Linux* システムでは、ファブリック・プロファイラー (プレビュー機能) を使用して、OpenSHMEM またはインテル® SHMEM アプリケーションの実行時の動作を解析します。
これは、プレビュー機能です。プレビュー機能は、正式リリースに含まれるかどうかは未定です。皆さんが機能に対する有用性のフィードバックを送ることで、将来の採用決定の判断に役立ちます。プレビュー機能で収集されたデータは、将来のリリースで下位互換性が保証されません。
ファブリック・プロファイラーは、OpenSHMEM またはインテル® SHMEM コードのプロファイルに使用するパフォーマンス解析アプリケーションです。このアプリケーションは、これらのコードタイプの診断情報、トレースファイル、およびランタイム情報を収集して表示します。ファブリック・プロファイラーは Linux* プラットフォームでのみ実行されます。
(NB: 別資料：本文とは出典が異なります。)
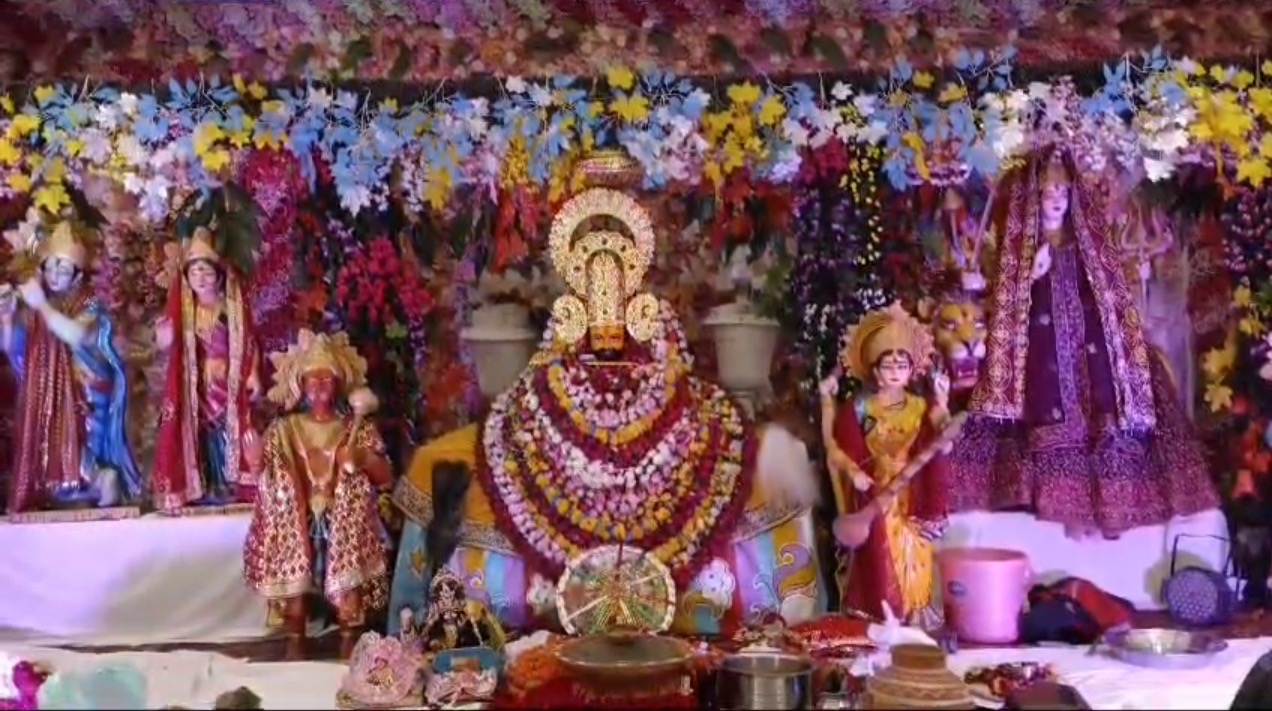 Colorful devotional setup with floral backdrop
ファブリック・プロファイラー・アプリケーションには 2 つのコンポーネントがあります。
データコレクターは、OpenSHMEM アプリケーションの実行中にアプリケーションとネットワークの動作を監視します。
アナライザーは、OpenSHMEM アプリケーションの実行が完了した後に実行されるツールのコレクションです。これらのツールは、インタラクティブな機能を使用してプロファイル結果を表示し、通信に注目した動作を調査するのに役立ちます。
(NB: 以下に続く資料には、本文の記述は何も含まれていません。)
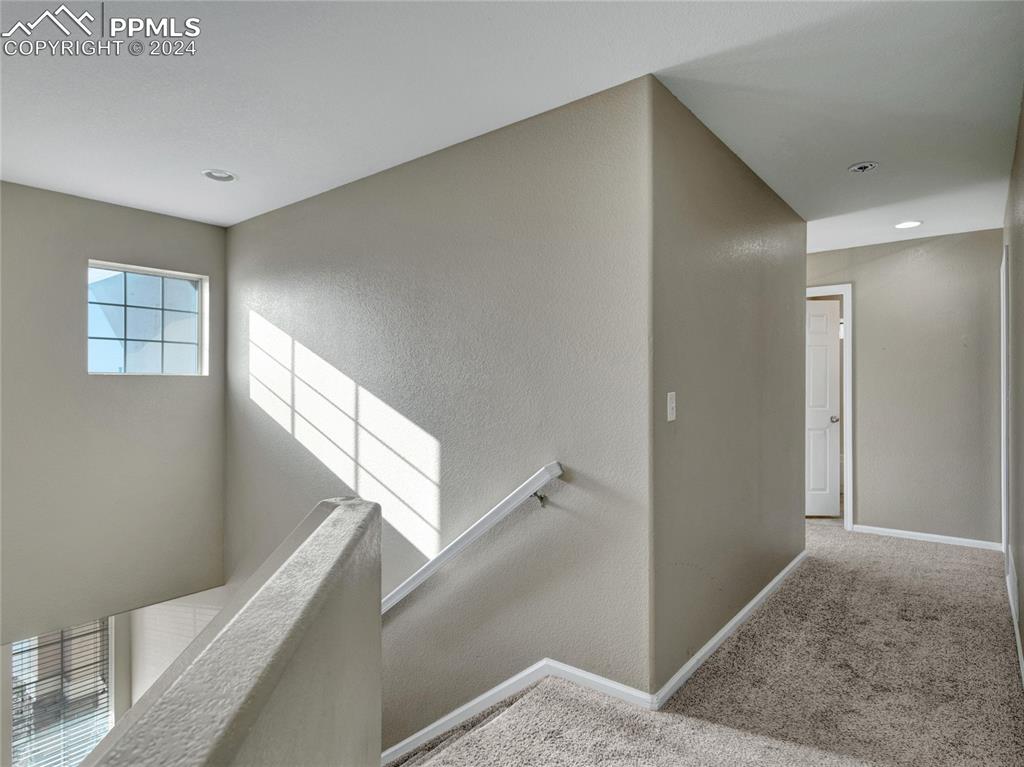 Image 11 of 23: Staircase featuring carpet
ファブリック・プロファイラーは次の 2 つのモードで動作します。
OpenSHMEM モードを使用して、OpenSHMEM (SoS) ベースのアプリケーションをプロファイルします。
インテル® SHMEMモードを使用して、インテル® SHMEM API のサブセットと OpenSHMEM アプリケーションをプロファイルします。インテル® SHMEM API のサブセットを使用する場合、このモードでファブリック・プロファイラーを使用する必要があります。
ファブリック・プロファイラーを使用する
ファブリック・プロファイラー・パッケージは、インテル® VTune™ プロファイラーのインストール・パッケージにバンドルされています。vtune\<vtune_profiler_version>\fabric_profiler ディレクトリーのファブリック・プロファイラーにアクセスします。
このディレクトリーには、ファブリック・プロファイラー・アプリケーションと次のものが含まれています。
ファブリック・プロファイラーをインストールするには、データコレクターとアナライザー・コンポーネントを設定します。
データコレクターの設定
ファブリック・プロファイラーのデータコレクターは、アプリケーションの OpenSHMEM* 呼び出しやインテル® SHMEM ホスト呼び出しをインターセプトするライブラリーとして実装されています。データコレクターは、ネットワーク・アクティビティーも監視します。データコレクターは、この情報をバイナリー・トレース・ファイルに格納します。
要件:
ファブリック・プロファイラー、ランタイムでシステムメトリックを収集するのに PAPI を使用します。環境に PAPI を追加するには、 module load papi を実行します。https://icl.utk.edu/papi/ から PAPI をダウンロードしてビルドすることもできます。
Libfabric ライブラリーは、OpenSHMEM コードからファブリックへアクセスするのに役立ちます。このライブラリーは、CXI をサポートするクラスター内に存在する必要があります。これには、 module load libfabric を実行します。詳細は、Libfabric プログラマーズ・マニュアルを参照してください。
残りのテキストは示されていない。